San Juan

SAN JUAN

Incorporated 1521

CITY DEMOGRAPHICS

  • 46.4 sq. miles
  • 331,165  Total population
  • 8,377 People per sq. mile
  • 6.3 % Forest cover
  • Tropical and subtropical moist broadleaf forests biome
  • 5.9% Developed open space
  • $21,986 Median household income
  • 38.4%  Live below federal poverty level
  • 68.1% Estimated rent-burdened households
  • 24.8% Housing units vacant
  • <0.1% Native, 1.5% White, 0.2% Black, 98% Latinx, 0.1%  Multi-racial/’other,’ 0.2% Asian, <0.1% Pacific Islander

*socioeconomic data estimates are from 5-year ACS data from 2018, racial composition from ACS 2019, and land cover data from 2016 NLCD

CITY CONTEXT

The capital of the colony of Puerto Rico, San Juan’s legacy and present realities cannot be separated from the forcible extermination of Taino people during Spanish colonial conquests, subsequent legacies of mass importation of enslaved Africans, its military occupation by the United States, and generations of state-sanctioned repression under extractive economic systems. These dynamics have produced an intensely segregated city with some of the lowest per capita incomes in the United States.

Enforced poverty takes place amidst a backdrop of tropical bounty and turbulent weather. Climate change and hurricanes have subjected the city to extreme weather events and flooding, and the city has yet to fully recover from the impacts of the 2017 hurricanes Maria and Irma. Like much of the island, the city’s infrastructure systems were hit particularly hard, and recovery has been hampered by its colonial relationship with the United States.

Green Infrastructure in San Juan

The only plan referencing green infrastructure (Infraestructura Verde in Spanish) was the Plan Ordenacion Territorial or the City Wide Master Plan.

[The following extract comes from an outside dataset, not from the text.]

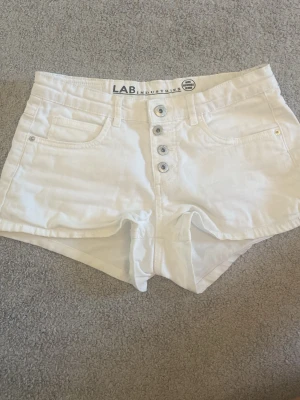 Vita low waist shorts med knappar - Snygga vita shorts med låg midja och fyra synliga knappar framtill. Klassisk femficksmodell i bomullsmix, perfekta för varma dagar. Passar till allt från crop tops till hoodies och ger en fräsch look. Säljer eftersom den inte kommer till användning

In it, the primary benefit of realizing GI functions was to provide ecological habitat.

The plan introduces the GI concept in reference to the Rio Piedras river corridor bisecting the city while connecting coastal and mountain ecosystems. The plan refers to the river corridor as an ecological system, but omits its terrestrial connections, focusing on the river channels themselves. The functions of the river corridor as GI are restricted to its role in improving water quality and ecological connectivity. This idea relates to the landscape concept but does not fit neatly within it.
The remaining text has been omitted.